O julgamento começou no Plenário Virtual, em março deste ano. Quatro ministros já haviam votado a favor dos contribuintes – o relator, Flávio Dino, Cristiano Zanin, Cármen Lúcia e Alexandre de Moraes. O placar foi reiniciado por um pedido de destaque, que levou o caso para o plenário físico, mas todos os integrantes da turma reafirmaram seus votos. O ministro Luiz Fux, que ainda não tinha se posicionado e pediu vista na última sessão, também acompanhou o relator ontem.

Segundo Fux, a jurisprudência do STF é pela “inexistência de materialidade tributária nesse acréscimo patrimônio em favor do doador”. Apesar de acompanhar Flávio Dino, Fux fez uma ressalva de que os fatos geradores do IRPF e do ITCMD são distintos – o primeiro é sobre acréscimo de patrimônio e o segundo sobre a causa mortis.

“Uma coisa é transmissão causa mortis, outra coisa é Imposto de Renda tendo em vista a valorização do bem, mas a jurisprudência é realmente no sentido que votou o ministro Flávio Dino”, disse Fux, na sessão (RE 1439539).

Na visão do advogado Fernando da Silva Chaves, sócio do Papp, Taranto & Chaves Advogados, que atuou no caso pelo doador, a União tributar a doação, já cobrada pelo Estado, fere o pacto federativo e o conceito constitucional de renda. Isso porque não há acréscimo patrimonial por parte do doador e ele não poderia usufruir do bem. “A norma prevê um acréscimo irreal, inexistente e levanta um conflito de competências entre os Estados e a União envolvendo essa sucessão hereditária”, afirma.

O IR, adiciona, já seria cobrado pela Receita Federal, mas em outro momento, quando houver a venda do imóvel pelo herdeiro ou donatário. Segundo ele, apesar de existirem três linhas de interpretação sobre o tema no Supremo, as decisões favoráveis à União são minoria. “Os legisladores criaram uma hipótese de acréscimo patrimonial virtual que precisa ser corrigido no Judiciário”, completa.

Para o advogado Felipe Kneipp Salomon, do Levy Salomão Advogados, existe um potencial para o tema ser julgado pelo plenário, por conta das decisões divergentes nas duas turmas. Na visão dele, há bitributação se incidir o IRPF. “É uma situação bastante gravosa se atribuir a competência de o Estado cobrar tributo sobre doação e, na mesma proporção, a Receita querer cobrar sobre ganho de capital. Realmente tem uma bitributação aqui”, avalia.
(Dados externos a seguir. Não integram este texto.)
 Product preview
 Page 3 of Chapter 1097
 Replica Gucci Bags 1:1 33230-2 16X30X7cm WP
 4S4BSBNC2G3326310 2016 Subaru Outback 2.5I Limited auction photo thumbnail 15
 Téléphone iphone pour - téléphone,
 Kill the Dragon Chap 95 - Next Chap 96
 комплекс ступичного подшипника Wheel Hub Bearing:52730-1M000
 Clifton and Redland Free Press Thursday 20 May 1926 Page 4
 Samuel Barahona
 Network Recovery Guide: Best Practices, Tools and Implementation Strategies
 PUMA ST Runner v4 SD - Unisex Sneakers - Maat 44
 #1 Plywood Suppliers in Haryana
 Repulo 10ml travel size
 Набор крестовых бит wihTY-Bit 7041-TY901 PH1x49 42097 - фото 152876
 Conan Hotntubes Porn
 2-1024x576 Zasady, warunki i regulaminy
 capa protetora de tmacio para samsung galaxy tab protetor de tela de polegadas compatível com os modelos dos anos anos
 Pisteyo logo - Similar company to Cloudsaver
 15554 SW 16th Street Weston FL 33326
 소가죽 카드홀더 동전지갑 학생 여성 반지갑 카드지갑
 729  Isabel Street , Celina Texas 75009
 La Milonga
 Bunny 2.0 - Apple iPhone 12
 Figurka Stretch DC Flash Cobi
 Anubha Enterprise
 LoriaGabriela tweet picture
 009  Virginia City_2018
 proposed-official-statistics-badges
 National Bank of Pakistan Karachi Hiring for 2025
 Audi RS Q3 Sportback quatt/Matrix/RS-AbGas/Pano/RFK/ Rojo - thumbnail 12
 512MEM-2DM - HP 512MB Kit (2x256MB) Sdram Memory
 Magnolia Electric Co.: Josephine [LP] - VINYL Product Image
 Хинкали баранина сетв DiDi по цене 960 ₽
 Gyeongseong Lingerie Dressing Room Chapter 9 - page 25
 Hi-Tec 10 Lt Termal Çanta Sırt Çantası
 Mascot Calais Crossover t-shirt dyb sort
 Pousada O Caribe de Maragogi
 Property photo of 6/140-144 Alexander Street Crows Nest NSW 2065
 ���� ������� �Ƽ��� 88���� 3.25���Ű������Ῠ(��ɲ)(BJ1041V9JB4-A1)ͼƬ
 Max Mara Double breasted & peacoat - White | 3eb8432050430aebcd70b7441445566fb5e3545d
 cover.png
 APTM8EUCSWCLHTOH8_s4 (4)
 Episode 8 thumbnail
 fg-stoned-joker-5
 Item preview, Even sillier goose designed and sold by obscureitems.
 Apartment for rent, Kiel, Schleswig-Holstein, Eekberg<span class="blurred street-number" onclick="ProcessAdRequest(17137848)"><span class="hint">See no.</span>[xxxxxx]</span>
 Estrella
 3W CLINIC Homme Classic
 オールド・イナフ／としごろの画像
Ele diz que o problema da dupla tributação nestes casos fica ainda mais agravado por conta da reforma tributária (Emenda Constitucional nº 132/2023), que institui uma progressividade nas alíquotas do ITCMD. A partir dessa permissão legal, Estados como São Paulo já têm projetos de lei para aumentar a alíquota máxima para 8% – hoje, o percentual é único em 4%. “Um projeto no Senado ainda busca aumentar o teto da alíquota de 8% para 16%, então é um tema que tem chamado atenção e a operação vai ficando mais custosa”, diz ele, citando o Projeto de Resolução nº 57/2019.

Em nota ao Valor, a PGFN diz que deve recorrer da decisão, “pois o STF já possui entendimentos anteriores das suas duas turmas de maneira diferente”. E acrescenta “que o reconhecimento da inconstitucionalidade da cobrança precisaria ser feito pelo Plenário”.